In an effort to reform the city’s historic preservation law, Mobile City Council on Tuesday introduced an ordinance in favor of creating a committee to study the issue.

On Tuesday, the Mobile City Council voted to delay action to reform the Mobile Historic Development Commission (MHDC) by a month to try to find a compromise between the city’s current law and state regulations.

“I ask those in the heritage conservation community, within MHDC and everyone else, to be patient as we work through this process,” Councilor William Carroll, the key driver of this effort, said during the meeting.

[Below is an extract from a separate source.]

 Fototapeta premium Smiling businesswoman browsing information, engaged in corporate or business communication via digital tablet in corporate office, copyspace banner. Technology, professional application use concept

Last week the council introduced an ordinance that would reduce the membership of the MHDC from around 80 to nine by eliminating the seats filled by outside civic organizations. In addition, the ordinance would also give the mayor and council nominating authority for the MHDC and the city’s Architectural Review Board (ARB), which works with the MHDC to review buildings in the city’s seven historic neighborhoods.

The changes were aimed at bringing Mobile into compliance with Alabama’s historic preservation laws. The City of Mobile Historic Preservation Ordinance, enacted in 1972 and revised in 2002, predates the Alabama State Historic Preservation Act, which was enacted in 1989.

But Caroll; represents District 2, which contains most of the city’s historic districts; says one of his worries is changing the city’s ordinance because it would make it harder for citizens to challenge ARB decisions. Under the current rules, citizens can lodge a complaint with the city council; Alabama law requires these appeals to go through the circuit court system.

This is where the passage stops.